この例は、6G アプリケーションでの使用など、140GHz ワイヤレス通信を目的としたアンテナアレイの性能を示すものである。ベースエレメントの設計は、低温同時焼成セラミック(LTCC)製のTE340モード基板一体型共振器(SIC)励起2x2スロットアンテナサブアレイで構成されています。130~145GHzの広い帯域幅、20.5dBiのピーク利得、周波数範囲にわたる安定した放射パターン、約60%の効率、小型化、簡素化された構造を持つ8x8アレイを作るために、ベースエレメントが組み合わされています。シミュレーションはXFdtd EM Simulation Softwareで行い、(1)で示したオリジナルのアンテナ設計に基づいています。

デバイス設計とシミュレーション

アンテナアレイは8x8素子で構成され、2種類のH接合基板一体型分圧器で接続されている。各エレメント(図 1)は、誘電率 5.9、損失正接 0.002 の Ferro A6M の LTCC 基板層で区切られた 4 つの金属層で構成されています。最上層には2つのTE210モード基板集積キャビティ(SIC)があり、図1と図2で最上層の金属層に見えるビアで定義されています。図 2 には、4 つの放射スロットを持つ第 2 の金属層も示されている。金属層3は、図2の4つのスロットに給電するSICを規定するビアと、キャビティの中心にある2つのマッチング・ポストとともに図3に示されている。金属層3の中央には、下層の給電層からのスロットがあります。下層は図4に示されており、ビアが給電の基板集積導波路(SIW)を定義している。SIWのシングル・マッチング・ポストも、XFdtdの開口部に適用された導波管フィードと同様に見える。

図1:SIC励起2x2アンテナ・エレメントの3次元CADレンダリングを、金属層を緑、LTCC層を赤で示す。

図1:SIC励起2x2アンテナ・エレメントの3次元CADレンダリングを、金属層を緑、LTCC層を赤で示す。

図2:アンテナエレメントの最上層キャビティを示し、金属層#2の4つの放射素子がTE210モードの基板一体型キャビティに給電されている。

図2:アンテナエレメントの最上層キャビティを示し、金属層#2の4つの放射素子がTE210モードの基板一体型キャビティに給電されている。

図3:金属層#3の上のTE340モードSICを、中央に給電スロット、スロットの上下に2本のマッチング・ポストとともに示す。

図3:金属層#3の上のTE340モードSICを、中央に給電スロット、スロットの上下に2本のマッチング・ポストとともに示す。
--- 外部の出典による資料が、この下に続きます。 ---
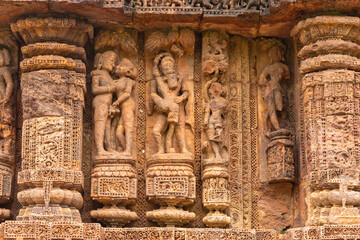 Temple platform of Jagamohana carved with  erotic couples, young women flaunting their beauty in poses, nagas, vyalas, soldiers, elephants, court scenes Sun Temple Konark, Odisha, India.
図4:入力は、金属層#4の上の給電層を通してアンテナに供給される。この給電層は、金属層#3の給電スロット(図示せず)の下にSIW領域とマッチングポストを含む。

図4:入力は、金属層#4の上の給電層を通してアンテナに供給される。この給電層は、金属層#3の給電スロット(図示せず)の下にSIW領域とマッチングポストを含む。
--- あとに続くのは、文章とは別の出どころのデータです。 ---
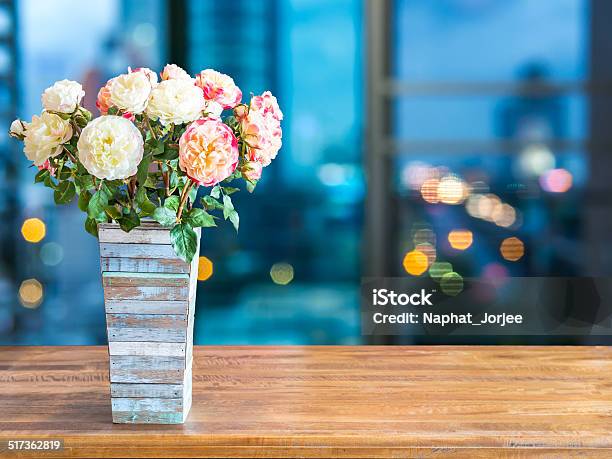 Flower Vase On Tabletop With Blurred Modern Cityscape Night Background Stock Photo - Download Image Now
EMシミュレーションの結果、図5に示すリターンロスは、131.63GHzから146.45GHzまでのシングルエレメントの帯域幅が-10dBであることを示しています。図6では、エレメント上部の利得を周波数に対してプロットし、アンテナの帯域幅にわたって9~11.5 dBiの値を示しています。図7には、131GHzにおける2つの主平面の利得パターンが、広いビーム幅で示されています。同様の利得パターンを135 GHzの図8、140 GHzの図9、147 GHzの図10に示します。これらのプロットは、広い周波数範囲にわたってパターンが安定していることを示している。

図5:シングル2x2アンテナエレメントのリターンロスは、約132GHzから146GHzまで、-10dB以下の良好な性能を示している。

図5:シングル2x2アンテナエレメントのリターンロスは、約132GHzから146GHzまで、-10dB以下の良好な性能を示している。

図6:アンテナエレメントの真上で周波数に対する利得をプロットしたもので、端の9dBiから周波数帯域中央のピーク11.5dBiまでの利得を示している。

図6:アンテナエレメントの真上で周波数に対する利得をプロットしたもので、端の9dBiから周波数帯域中央のピーク11.5dBiまでの利得を示している。

図7:131GHzにおいて、アンテナエレメントは2つの主平面において同程度の共分極利得を持つ。  交差偏波放射は大幅に減少している。

図7:131GHzにおいて、アンテナエレメントは2つの主平面において同程度の共分極利得を持つ。 交差偏波放射は大幅に減少している。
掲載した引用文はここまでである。